╔══

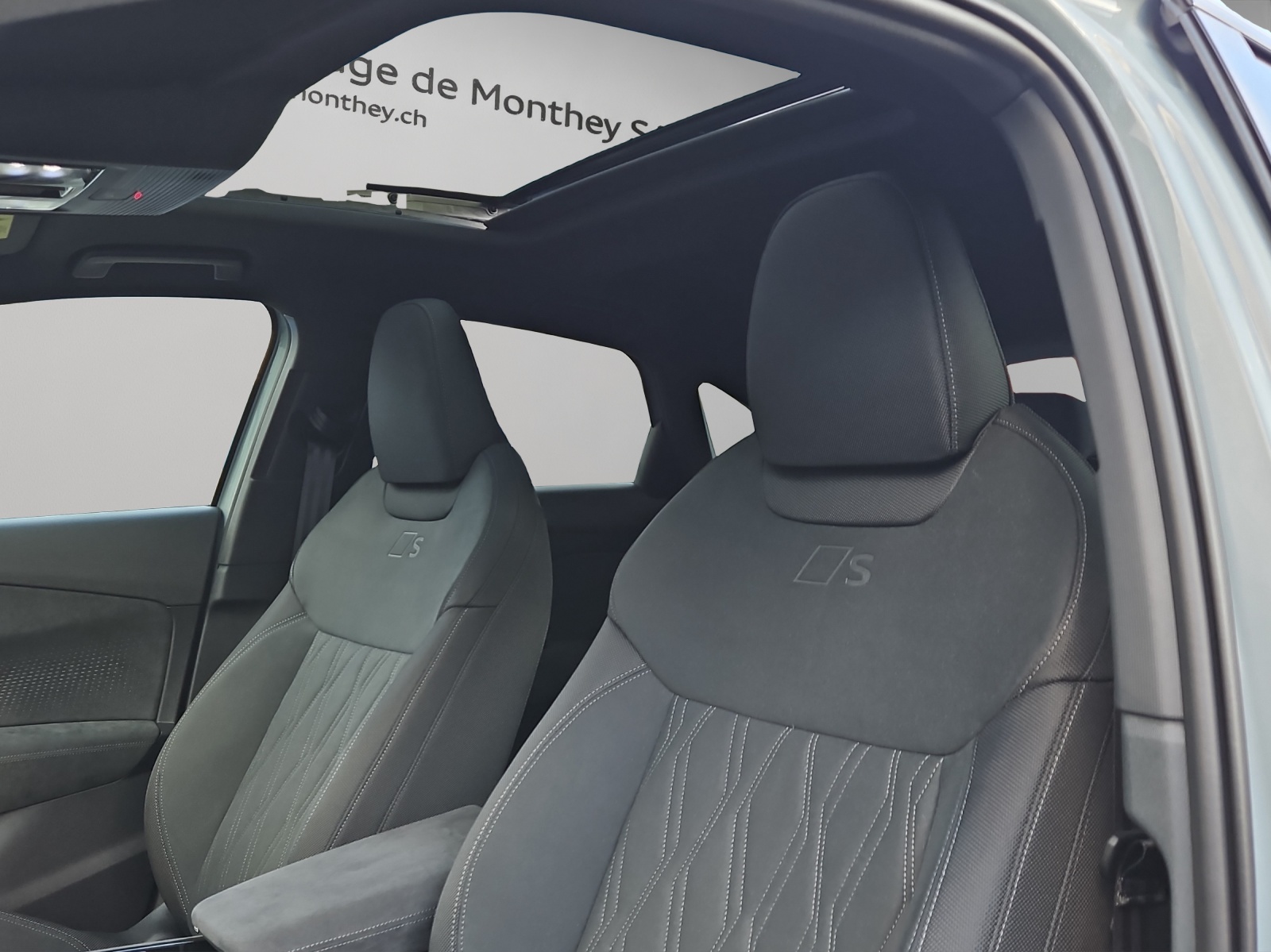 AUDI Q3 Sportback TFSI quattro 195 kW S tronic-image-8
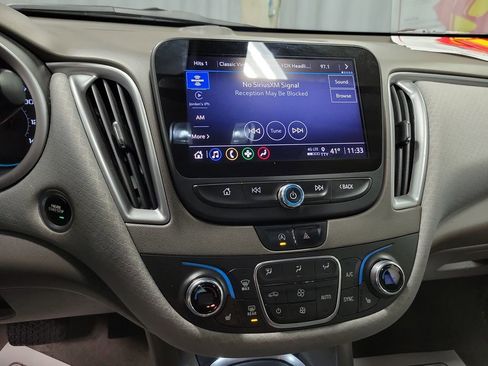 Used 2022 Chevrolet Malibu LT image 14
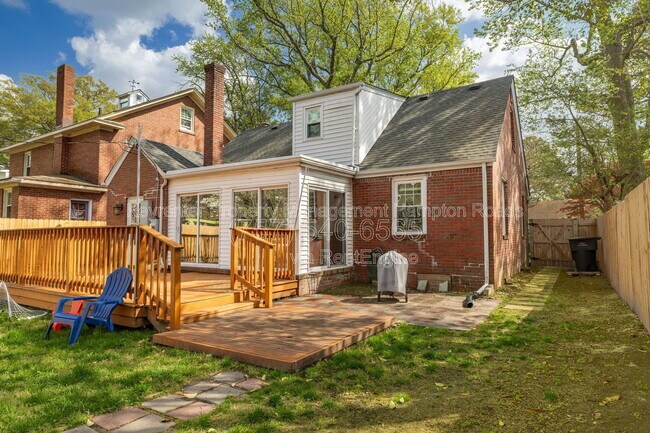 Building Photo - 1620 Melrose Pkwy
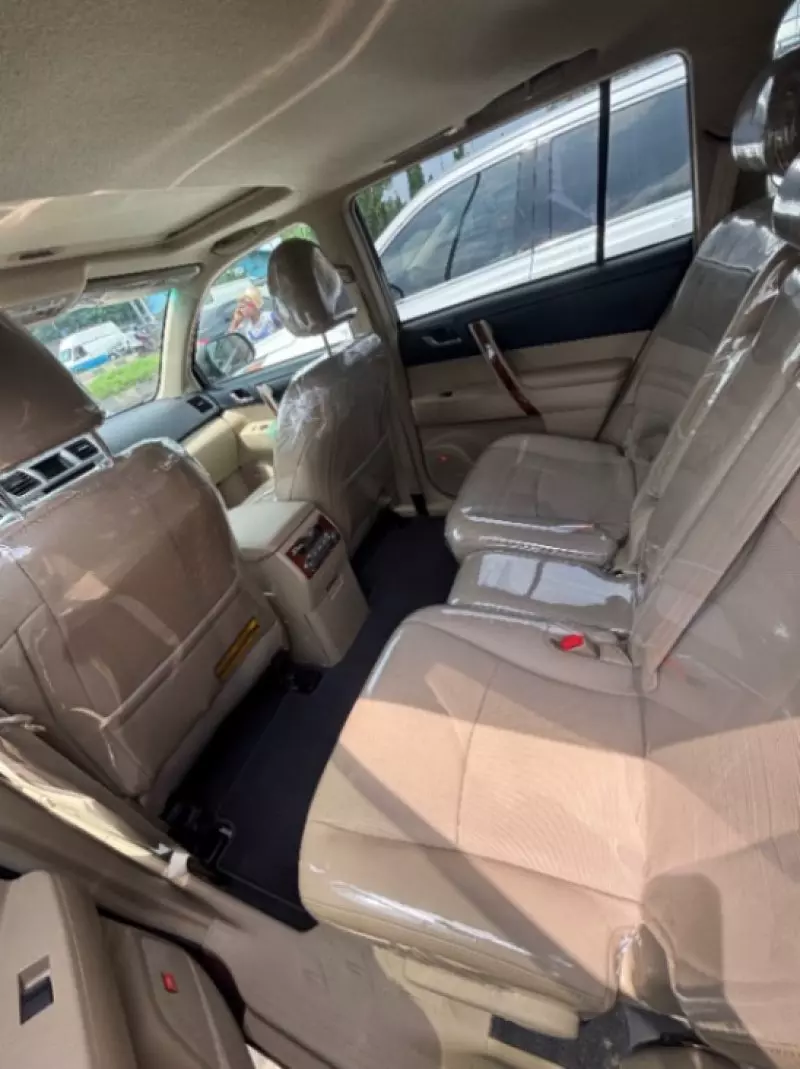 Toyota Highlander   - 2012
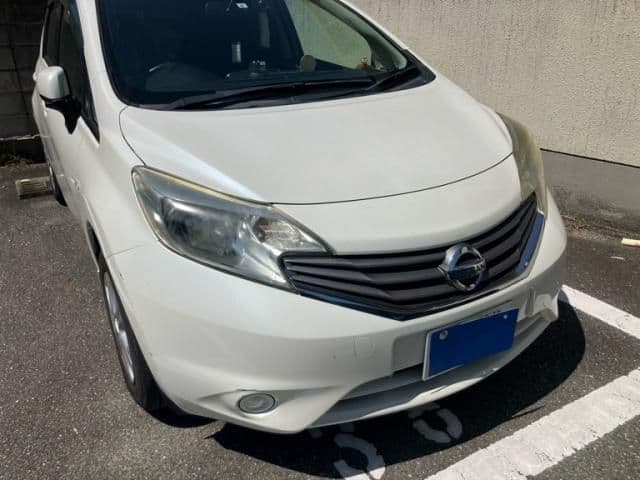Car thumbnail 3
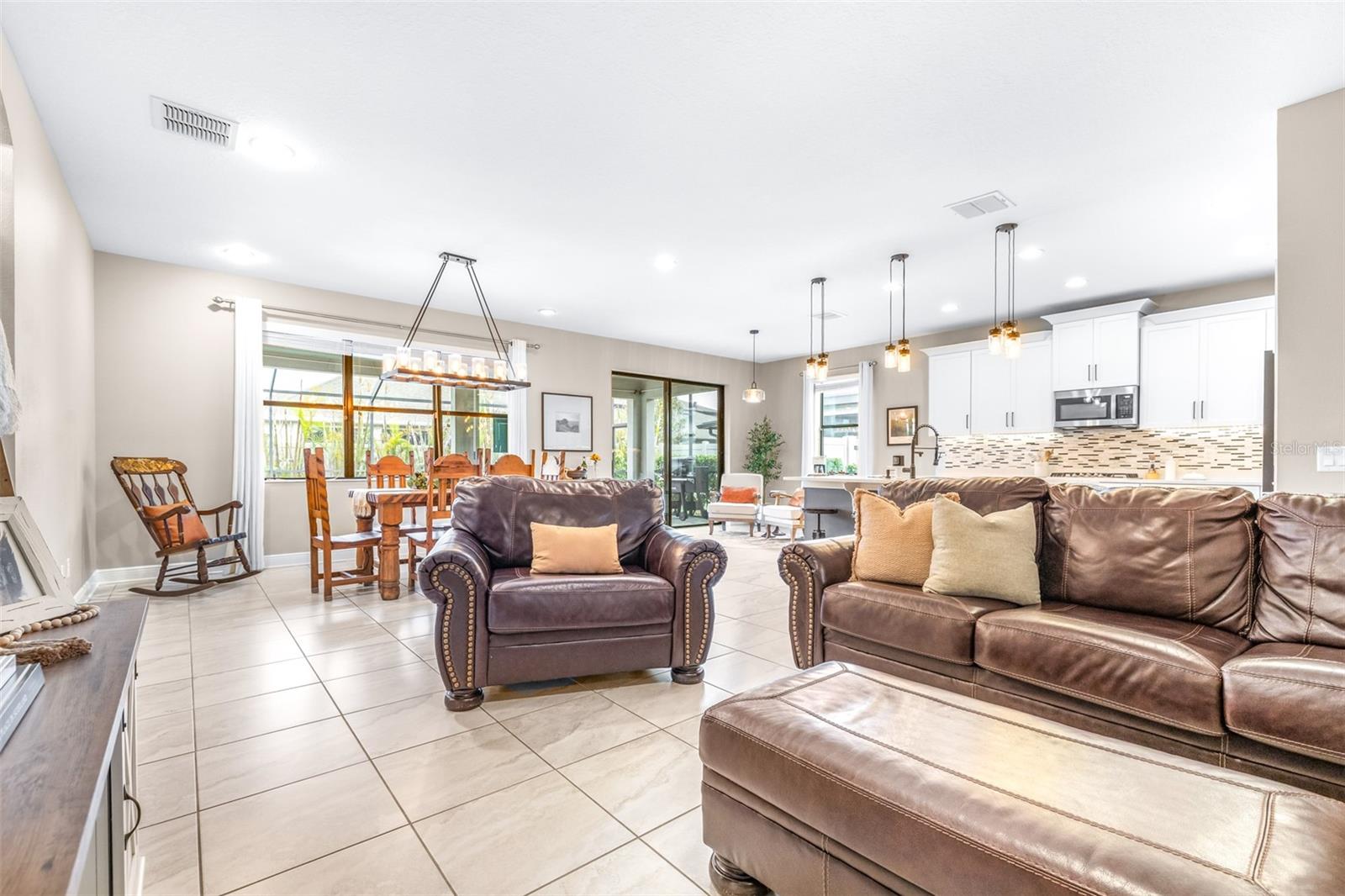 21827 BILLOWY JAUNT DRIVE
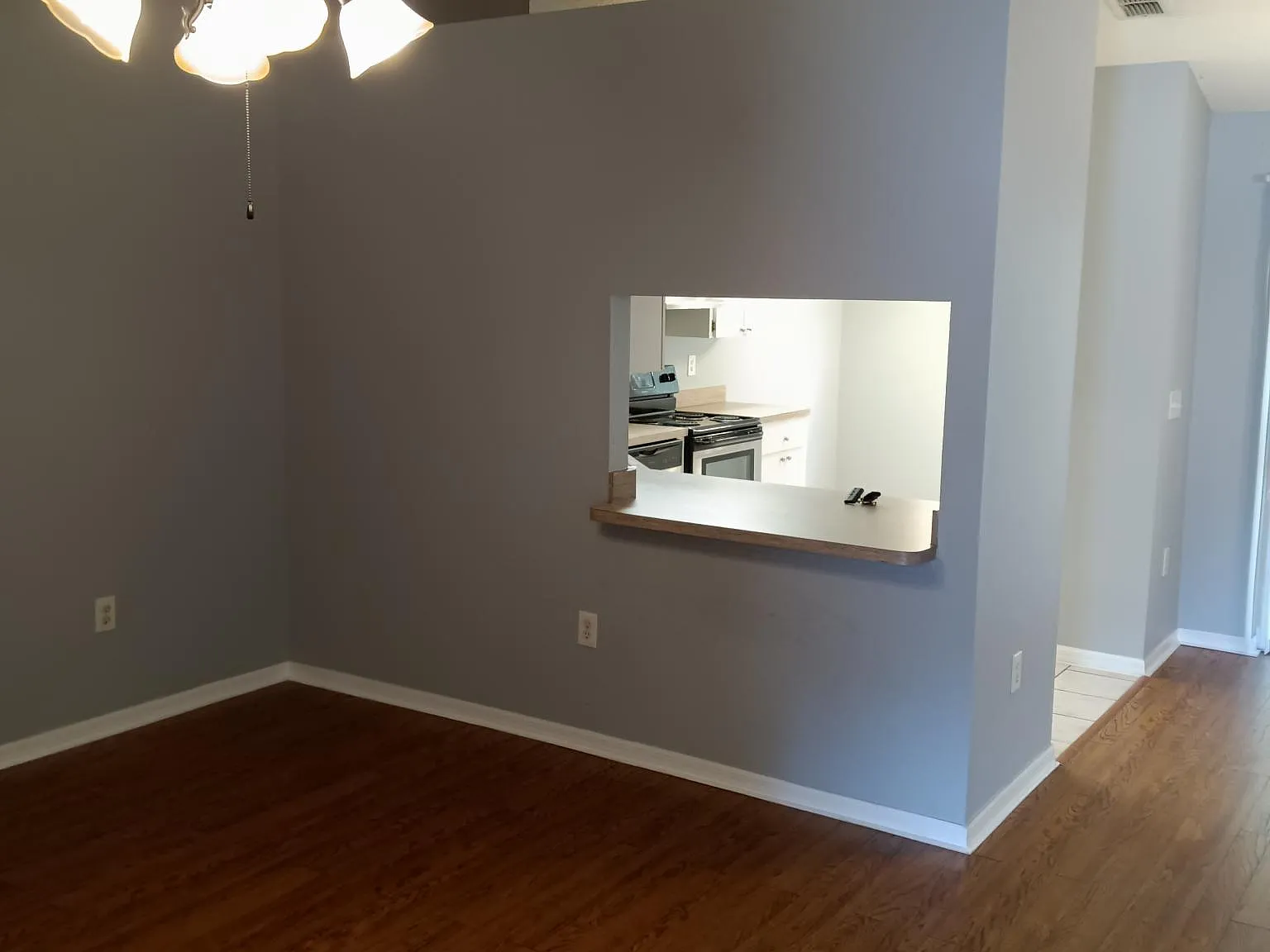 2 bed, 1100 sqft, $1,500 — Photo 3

╚══

_PROBLEM TO WORK ON_
Your task is to retype all the entries exactly and leave out any pictures.

_ANSWER SPACE_
 AUDI Q3 Sportback TFSI quattro 195 kW S tronic-image-8
 Used 2022 Chevrolet Malibu LT image 14
 Building Photo - 1620 Melrose Pkwy
 Toyota Highlander   - 2012
Car thumbnail 3
 21827 BILLOWY JAUNT DRIVE
 2 bed, 1100 sqft, $1,500 — Photo 3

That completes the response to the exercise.